The Prospects for the Next Decade
Taking the view that the water level in Lake Mead forms a stationary statistical process, the likelihood is that water levels will rise to 1,125 feet or more over the next ten years, easing the current water shortage in the region.
On the other hand, there are good reasons to believe that there are exogenous (deterministic) factors in play, specifically the over-consumption of water at a rate greater than the replenishment rate from average rainfall levels. Added to this, plausible studies suggest that average rainfall in the Colorado Basin is expected to decline over the next fifty years. Under this scenario, the water level in Lake Mead will likely continue to deteriorate, unless more stringent measures are introduced to regulate consumption.
Economic Impact
The drought in the South West affects far more than just the water levels in Lake Mead, of course. One study found that California’s agriculture sector alone had lost $2.2Bn and some 17,00 season and part time jobs in 2014, due to drought. Agriculture uses more than 80% of the State’s water, according to Fortune magazine, which goes on to identify the key industries most affected, including agriculture, food processing, semiconductors, energy, utilities and tourism.

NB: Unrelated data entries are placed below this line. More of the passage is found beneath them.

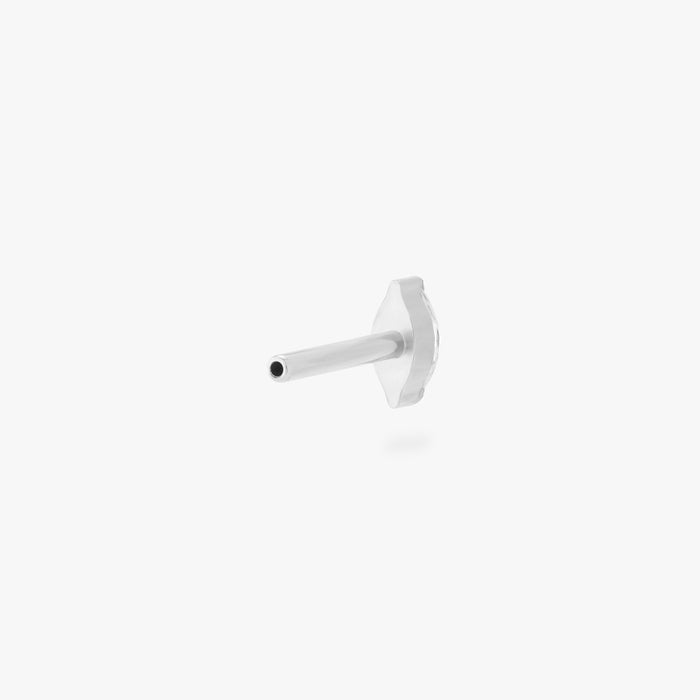 This is an image of an 8mm length silver/clear flatback post with a marquise-shaped CZ disc. color:null|8mm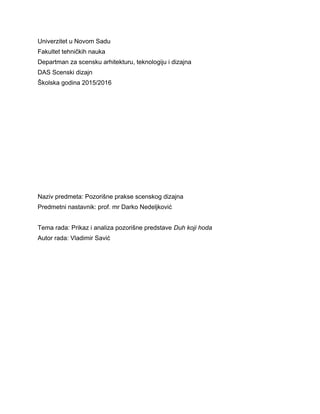 Prikaz i analiza pozorišne predstave Duh koji hoda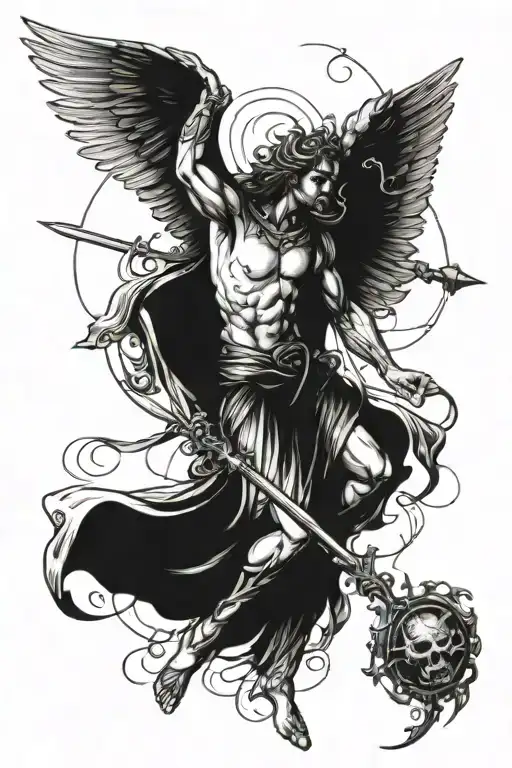 Archangel Gabriel fighting demons tattoo design idea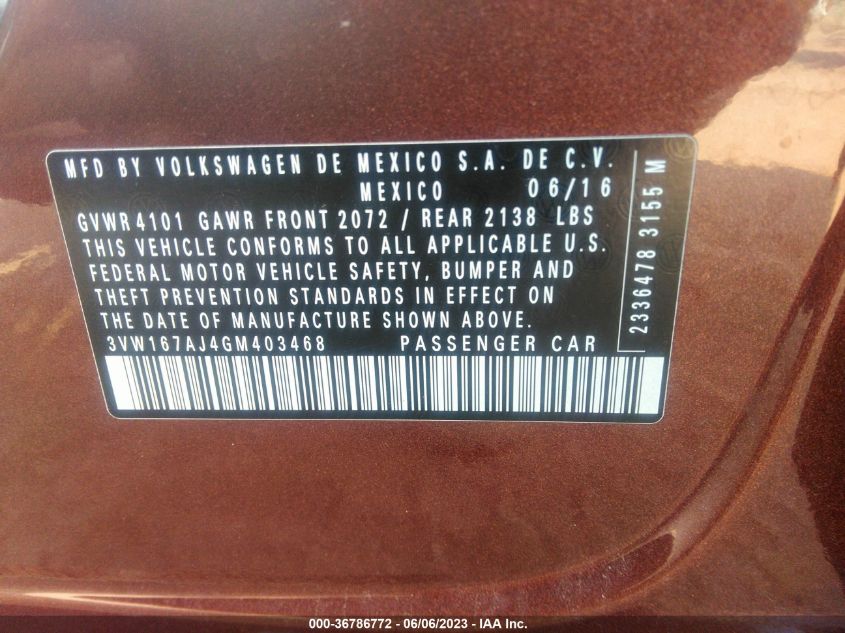 2016 VOLKSWAGEN JETTA SEDAN 1.4T S - 3VW167AJ4GM403468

In the energy sector, for example, the loss of hydroelectric power cost CA around $1.4Bn in 2014, according to non-profit research group Pacific Institute.

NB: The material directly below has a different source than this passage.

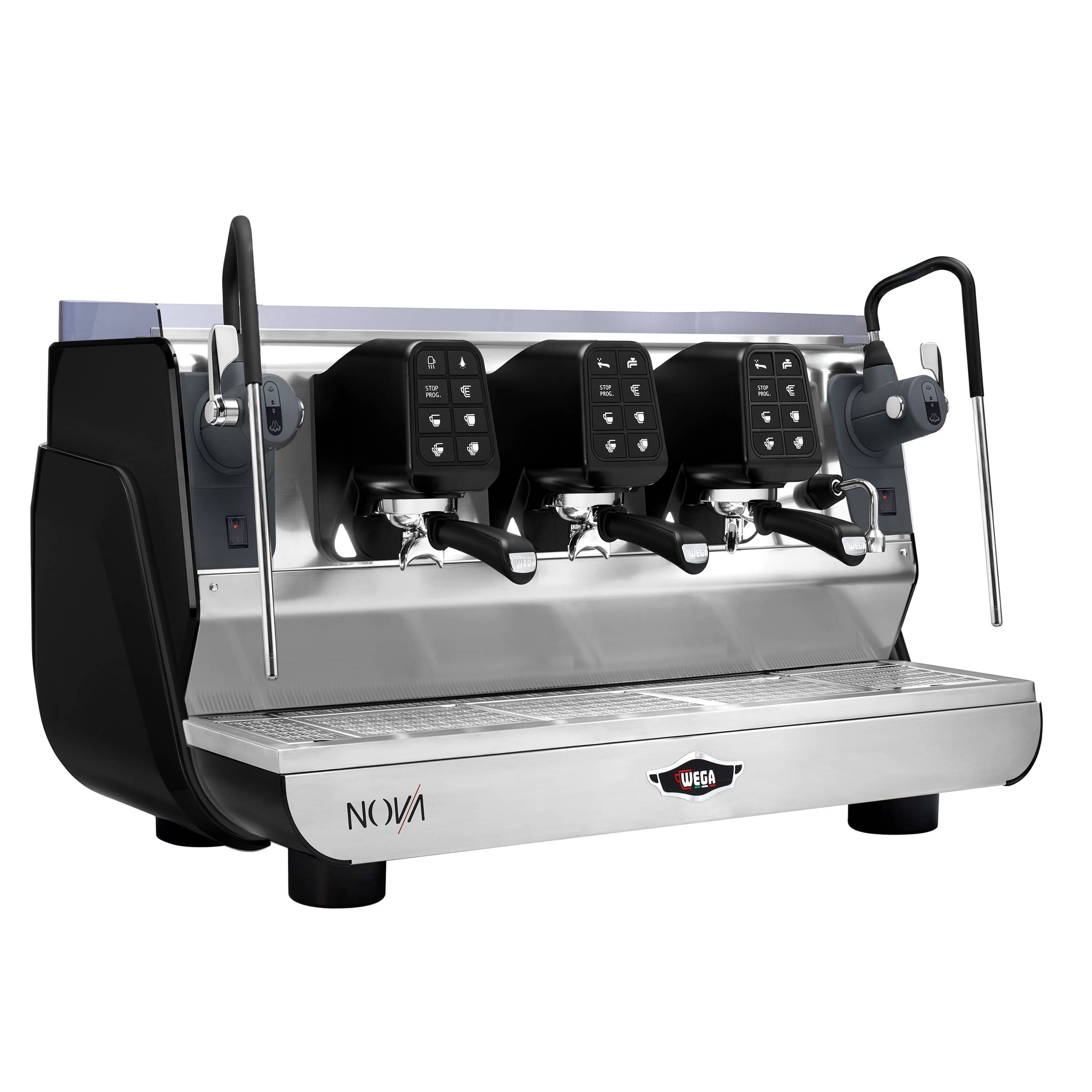 WEGA | Nova - Espressor - 3 grupuri - 5,7 kW - cu 2 spumante de lapte și apă fierbinte - Touch - Negru — 2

Although Intel pulled its last fabrication plant from California in 2009, semiconductor manufacturing is still a going concern in the state. Maxim Integrated, TowerJazz, and TSI Semiconductors all still have fabrication plants in the state. And they need a lot of water. A single semiconductor fabrication plant can use as much water as a small city. That means the current plants could represent three cities worth of consumption.

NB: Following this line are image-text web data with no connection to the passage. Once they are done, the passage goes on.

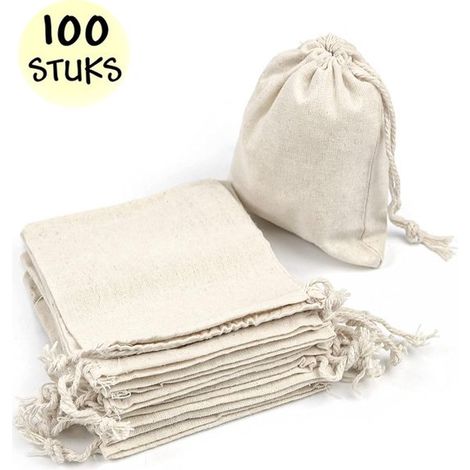Bolsas de algodón, 100 unidades, 8x10 cm, Con cordón ajustable, Bolsas de tela para manualidades, Bolsa de tela para materiales de pintura (1/5)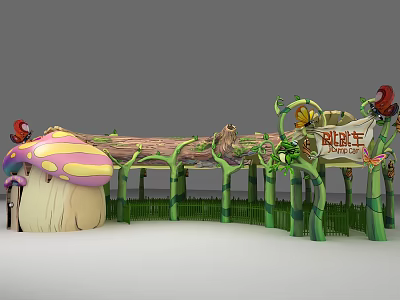 Fairy Tale Garden Landscape with Mushroom House Tree Trunk Green Vines Fence Ant Kingdom Sign 3d model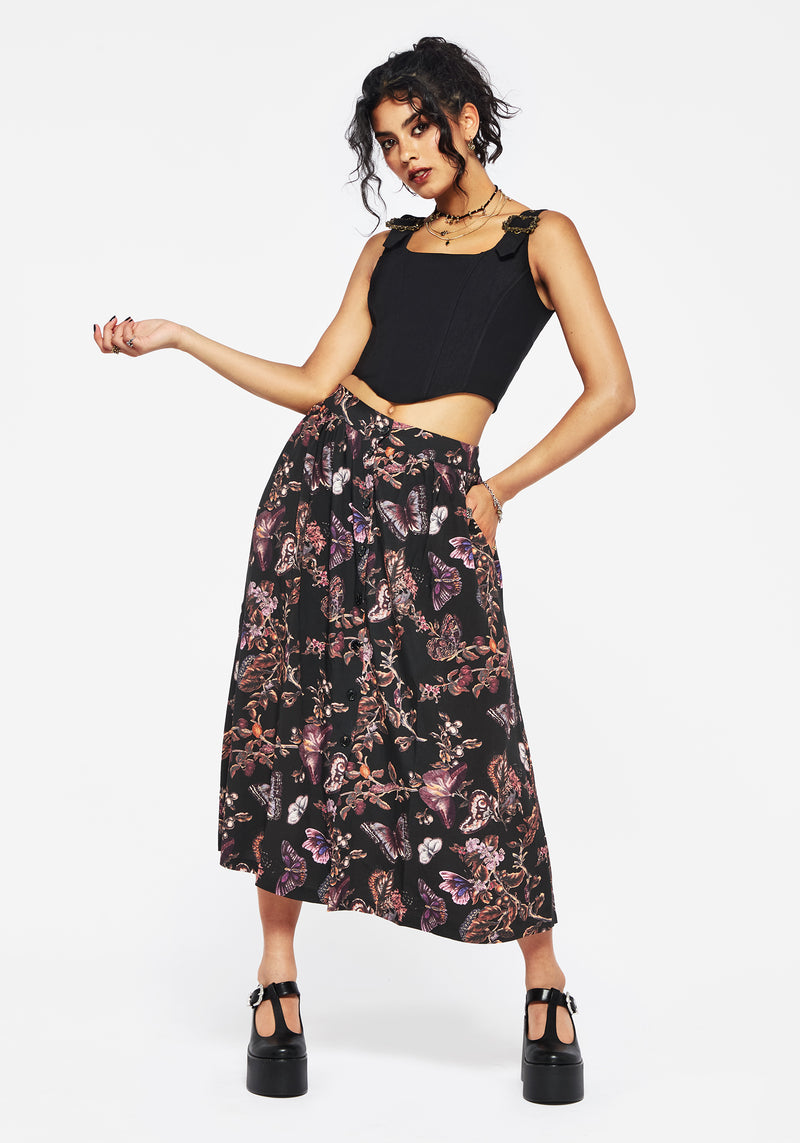 Eloise Floral Butterfly Print Button Up Midi Skirt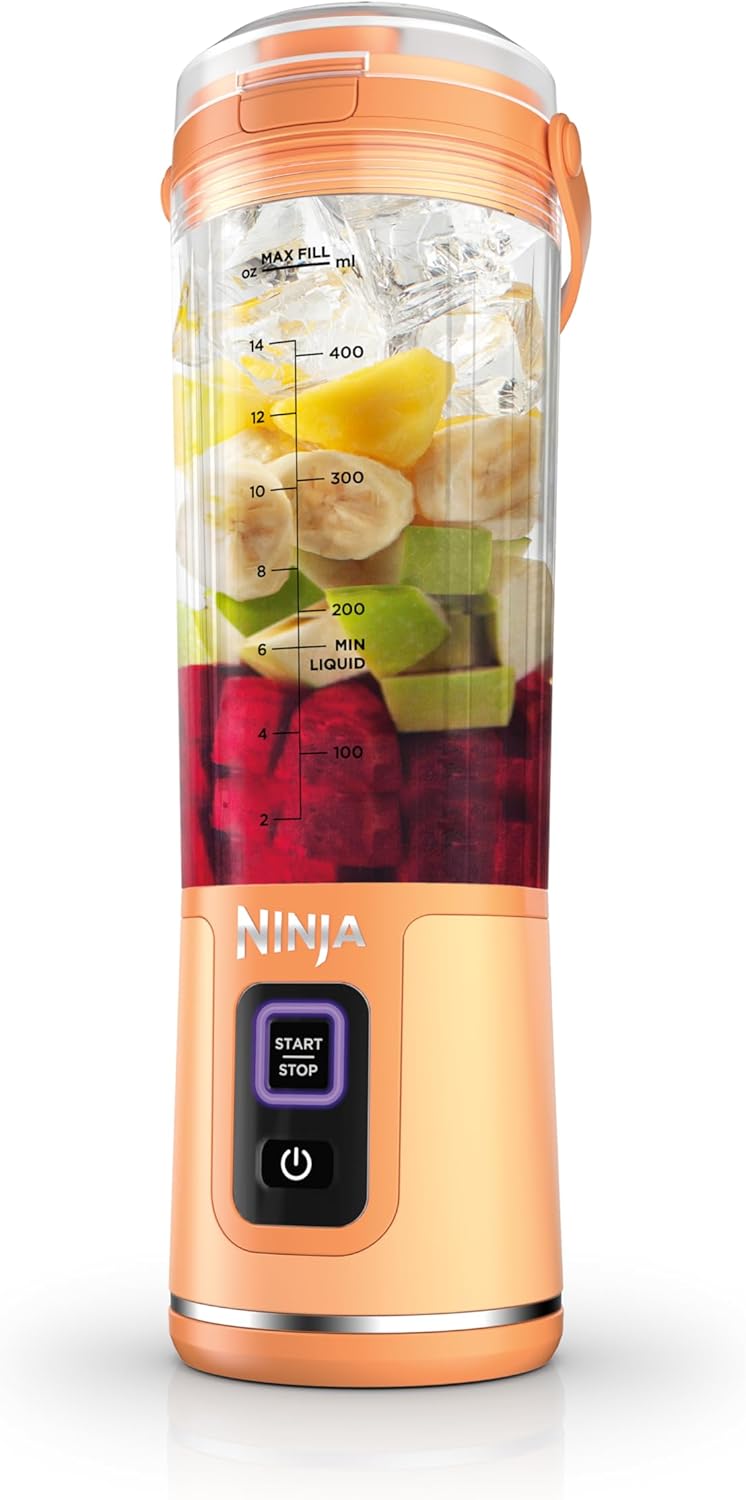 Ninja Blast Portable Blender - Cordless 18oz Personal Blender for Smoothies & Shakes | BPA Free, USB-C Rechargeable, Leakproof Lid, Orange Apricot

The drought is also bad news for water utilities, of course. The need to conserve water raises the priority on repair and maintenance, and that means higher costs and lower profit. Complicating the problem, California lacks any kind of management system for its water supply and can’t measure the inflows and outflows to ground water levels at any particular time.
The Bureau of Reclamation has studied more than two dozen options for conserving and increasing water supply, including importation, desalination and reuse. While some were disregarded for being too costly or difficult, the bureau found that the remaining options, if instituted, could yield 3.7 million acre feet per year in savings and new supplies, increasing to 7 million acre feet per year by 2060. Agriculture is the biggest user by far and has to be part of any solution. In the near term, the agriculture industry could reduce its use by 10 to 15 percent without changing the types of crops it grows by using new technology, such as using drip irrigation instead of flood irrigation and monitoring soil moisture to prevent overwatering, the Pacific Institute found.
Conclusion
We can anticipate that a series of short term fixes, like the “Third Straw”, will be employed to kick the can down the road as far as possible, but research now appears almost unanimous in finding that drought is having a deleterious, long term affect on the economics of the South Western states. Agriculture is likely to have to bear the brunt of the impact, but so too will adverse consequences be felt in industries as disparate as food processing, semiconductors and utilities. California, with the largest agricultural industry, by far, is likely to be hardest hit. The Las Vegas region may be far less vulnerable, having already taken aggressive steps to conserve and reuse water supply and charge economic rents for water usage.